Get Ready for Reg SCI




In the wake of the Flash Crash, the Mini-Flash Crashes, stock exchange botching of IPOs, as well as the Knightmare on Wall Street, the Securities and Exchange Commission is readying a draft of Reg SCI (Systems Compliance and Integrity). While still in the draft stage, the intent is to ensure that all exchanges, dark pools, ECNs and clearing firms have mechanisms in place to test for security, as well as technical robustness of their systems. Reg SCI will be modeled after the Automation Review Policy that has existed since the 1987 stock market crash. SEC Chairman Elisse Walter broadcasted the SEC’s intentions surrounding Reg SCI in a February 19th speech to students at the American University School of Law.

In addition to Reg SCI the SEC is soon implementing two other market safety measures – the April 8th implementation of Limit Up Limit Down (LULD), and new and improved market-wide circuit breakers based on the S&P 500 instead of the DJIA. Note that LULD and these circuit breaker changes have been proposed several years back.

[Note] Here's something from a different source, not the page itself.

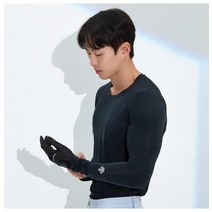 데상트 데상트골프티셔츠 JQS DN22MFIN4E-BLKG 남성 냉감 메쉬 베이스레이어 BLKG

How long will it be before SCI is drafted, voted upon, and implemented? Your guess is as good as ours. After all, the SEC has been “looking into” issues such as dark pool regulation for years now, with no outcome to date. However, here is what you should know:

–          LULD will be 5% of the average price in the previous 5 minute period for stocks in the S&P 500, the Russell 1000, and certain ETPs. It will be 10% for all other listed securities.

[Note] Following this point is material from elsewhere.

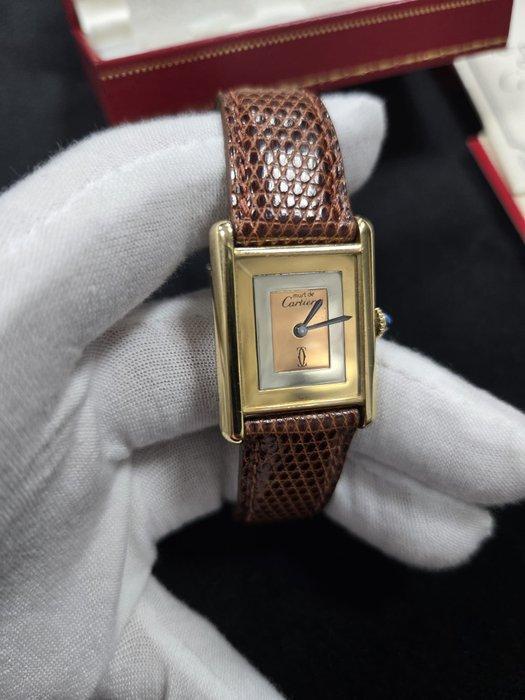 Cartier - Tank - Zonder minimumprijs - 699792 - Dames -, Bijoux, Sacs & Beauté, Montres | Hommes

–          Old market-wide circuit breakers were based on price action in the DJIA index, and were triggered at price declines of 10%, 20%, and 30% from the prior day’s closing price.

–          New market-wide circuit breakers are based on price action in the S&P 500, and the decline triggers have been reduced to 7%, 13% and 20%.

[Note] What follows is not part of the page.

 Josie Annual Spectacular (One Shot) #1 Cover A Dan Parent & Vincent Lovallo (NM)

–          The new breakers have a 3:25pm cutoff.  Prior to 3:25pm, the 7% and 13% levels will trigger 15 minute trading halts, and a 20% decline will trigger a halt for the remainder of the day. After 3:25pm only a 20% decline will halt trading – for the rest of the day.

These changes were to take place on February 4th, but have since been pushed back to April 8th.

This morning we would also like to draw your attention to another recent SEC speech. Chairman Walters gave this speech just a few days ago, and we feel it is worthy of your reading. In this speech she discusses why the SEC must take unnecessary risks out of the marketplace for the benefit of investors. She talks of protecting a fictional Aunt Millie, much in the same way we frequently talk about looking after the needs of our own fictional Fred and Ethel:

Once upon a time, investments were made on the basis of personal relationships – handshake deals that sent ships to the Spice Islands, or built a factory for turning out cars.  In today’s more anonymous markets, where so much turns on Aunt Millie’s willingness to invest her hard-earned dollars in people she has never met and companies she knows only from their filings, handshakes are no longer enough.  We need another mechanism for inspiring that same trust.  And that trust must be justified.

That’s what we do.  We work to ensure that Aunt Millie has access to the information she needs to make truly informed investment decisions.  We work to ensure that she can buy securities in a fair and efficient marketplace.

We have the feeling Chairman Walters would do a darn good job as more than an interim head of the SEC. Instead, at present, we mostly hope that market reforms that the SEC knows are needed will get implemented quickly, and that under pending new leadership the SEC never loses its focus on protecting investors, especially when their needs conflict with those of “traders”.